WORK REQUIRED:
Word for word, transcribe the lines from the one containing "A backyard with" through the end of the entries, both included, and nothing else.

MATERIAL SHOWN:
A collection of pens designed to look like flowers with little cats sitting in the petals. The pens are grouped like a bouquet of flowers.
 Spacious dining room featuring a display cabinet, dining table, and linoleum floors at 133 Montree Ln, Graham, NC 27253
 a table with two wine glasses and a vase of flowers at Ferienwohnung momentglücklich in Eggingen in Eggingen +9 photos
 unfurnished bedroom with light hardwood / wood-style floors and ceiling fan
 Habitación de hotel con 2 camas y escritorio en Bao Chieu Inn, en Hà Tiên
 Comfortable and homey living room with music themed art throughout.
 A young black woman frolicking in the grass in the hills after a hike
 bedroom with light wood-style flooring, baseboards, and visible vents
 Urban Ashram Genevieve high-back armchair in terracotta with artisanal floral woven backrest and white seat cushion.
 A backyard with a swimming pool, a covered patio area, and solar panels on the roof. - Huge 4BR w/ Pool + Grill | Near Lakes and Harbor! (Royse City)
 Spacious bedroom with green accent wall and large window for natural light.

YOUR RESPONSE:
 A backyard with a swimming pool, a covered patio area, and solar panels on the roof. - Huge 4BR w/ Pool + Grill | Near Lakes and Harbor! (Royse City)
 Spacious bedroom with green accent wall and large window for natural light.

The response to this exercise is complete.